Read Philippians 3:7–14.

Our world has become a large, impersonal, busy institution. We are alienated from each other. Although crowded, we are lonely. Distant. Pushed together but uninvolved. No longer do most neighbors visit across the backyard fence. The well-manicured front lawn is a modern moat that keeps barbarians at bay. Hoarding and flaunting have replaced sharing and caring. We occupy common space but have no common interests, as if we have entered an elevator with unwritten rules: “No talking, smiling, or eye contact without written consent.” We’re losing touch with one another.

Caught up in the fast-lane treadmill of the twenty-first century—making mad dashes through airports, meeting deadlines, responsible for big-time decisions, and coping with the stress of other people’s demands mixed with our own high expectations—we lose sight of our primary calling as Christians. Even in our church life we tend to get caught up in a success and size race that eclipses our primary calling as followers of Christ.

Authenticity has a beautiful and refreshing simplicity about it—as do servants of God. No ulterior motives. No hidden meanings. An absence of hypocrisy, duplicity, political games, and verbal superficiality. As honesty and integrity characterize our lives, there’s no need to manipulate others. We cultivate a taste for the genuine, the real.

My first impression of the apostle Paul pictured a man that rammed his way through life like a battleship at sea. Blasting and pounding toward objectives, he was too important to worry about people who got in his way. But careful study revealed a man who most often referred to himself as “a servant” of God, a “slave” of Jesus Christ.

Three traits characterized Paul, a true servant: transparent humanity, genuine humility, and absolute honesty. First, Paul wasn’t perfect—and best of all, he didn’t hide it. “I have not arrived” is a concept Paul mentions at least three times in Philippians 3. Here is this brilliant, competent, strong leader who freely admits weaknesses.

Second, Paul became increasingly impressed with the living Christ and less impressed with himself. Genuine humility operates on a simple philosophy: Nothing to prove. Nothing to lose. If you’re the type that always has to come out right, if you have the need to be “perfect,” then you will always have something to prove.

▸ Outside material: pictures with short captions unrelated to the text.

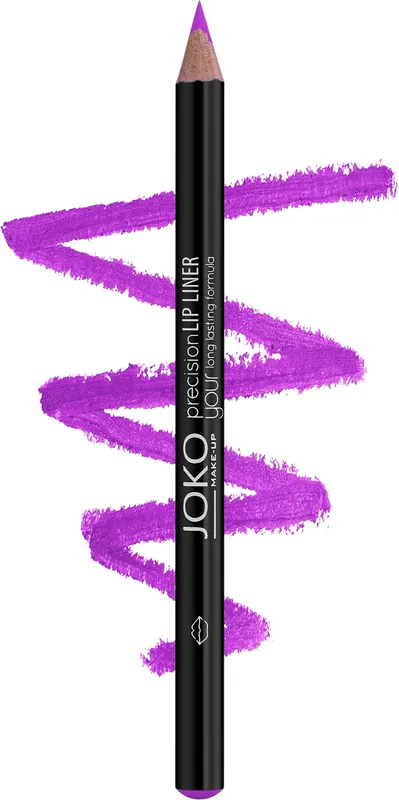 Joko Precision Lip Liner - Makeup
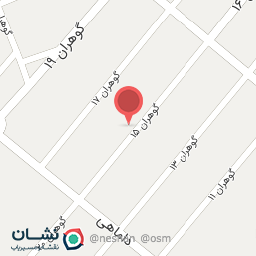 عکس ساختمان باران 2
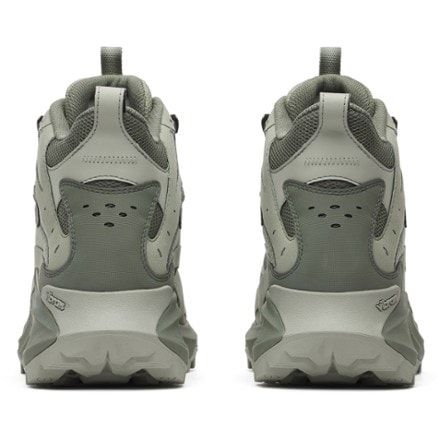 Merrell Moab Speed 2 Mid GTX Hiking Boots - Men's 3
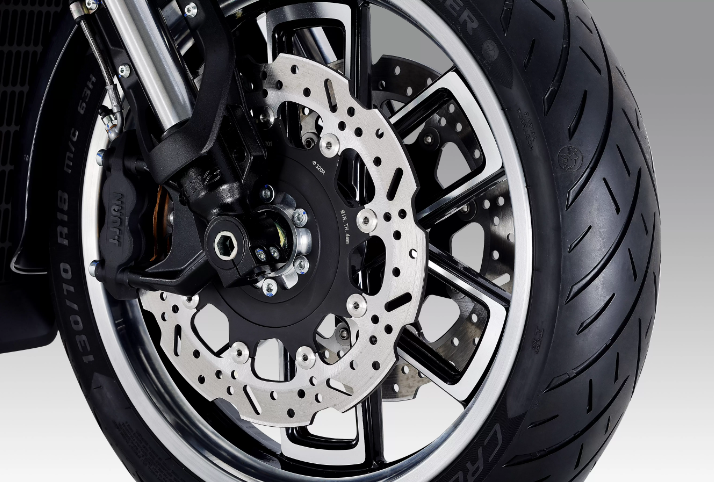 Мотоцикл GAOKIN THOR 1000 в Евпатории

Third, Paul had no ulterior motives. During my days in seminary, I had my artistic sister, Luci, print a question on a card I then placed on the wall above my desk: “What’s Your Motive?” Motives must be honestly searched. Paul says, in effect, I disregard my own accomplishments as well as others’ offenses. “Forgetting what lies behind” assures us that Paul refused to live in the past. He pressed on.

The principles for serving others are implemented from within. You want to be a force for good in a world of evil—a person of authenticity in a world of hypocrisy. You are tired of just criticizing what you see around you. You want to be part of the answer, not part of the problem. Because the path of servanthood is so perilous, cultivate a sensitive walk with God.

The art of unselfish living is practiced by few and mastered by fewer. Yet every act of servanthood, no matter how small or large, will be remembered by God. He takes special note of the heart—He knows the love behind actions.

Adapted from Charles R. Swindoll, Improving Your Serve (Waco, Tex.: Word Publishing, 1981), 17–19, 21, 23–27, 74–75, 158–9, 207, 210–11.